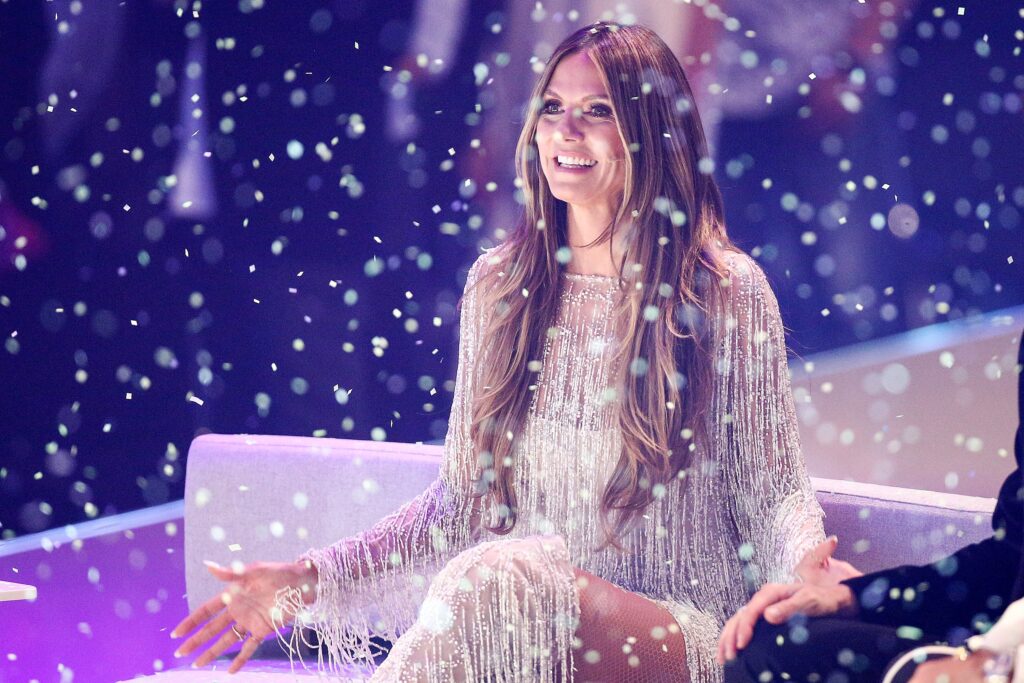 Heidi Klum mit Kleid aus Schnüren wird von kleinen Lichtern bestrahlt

...

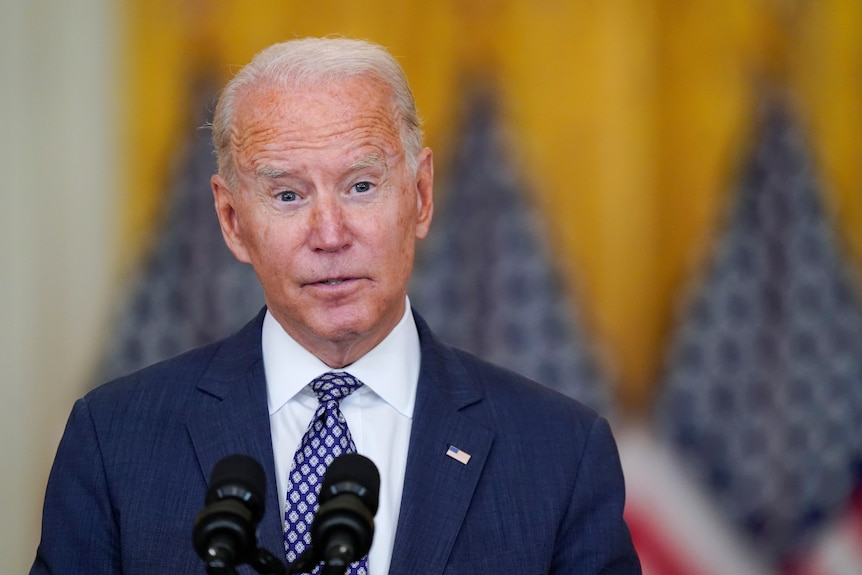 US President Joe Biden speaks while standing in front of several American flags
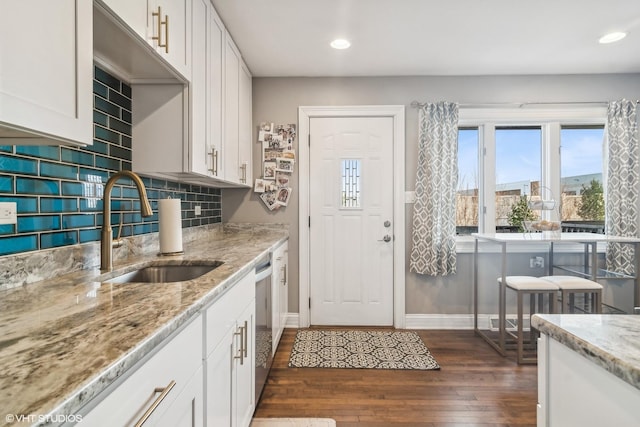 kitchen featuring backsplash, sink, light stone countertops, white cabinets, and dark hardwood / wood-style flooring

==

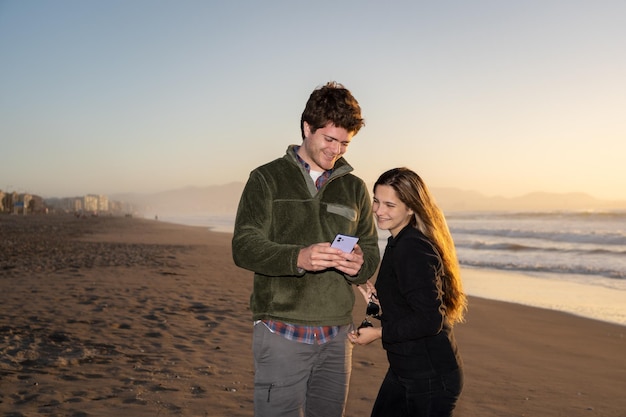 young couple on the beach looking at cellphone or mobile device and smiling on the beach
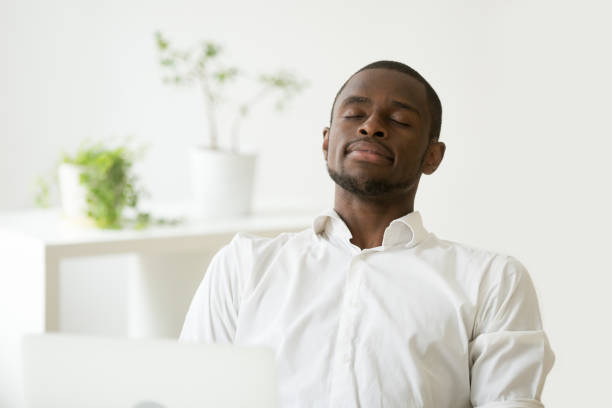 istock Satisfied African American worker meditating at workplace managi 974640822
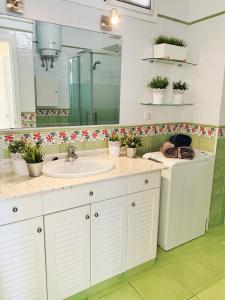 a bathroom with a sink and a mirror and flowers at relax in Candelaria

§ YOUR TASK
Whatever pictures the records hold, omit them; give again exactly the lines from the one containing "young couple on" through the one containing "a bathroom with".

§ YOUR RESPONSE
 young couple on the beach looking at cellphone or mobile device and smiling on the beach
 istock Satisfied African American worker meditating at workplace managi 974640822
 a bathroom with a sink and a mirror and flowers at relax in Candelaria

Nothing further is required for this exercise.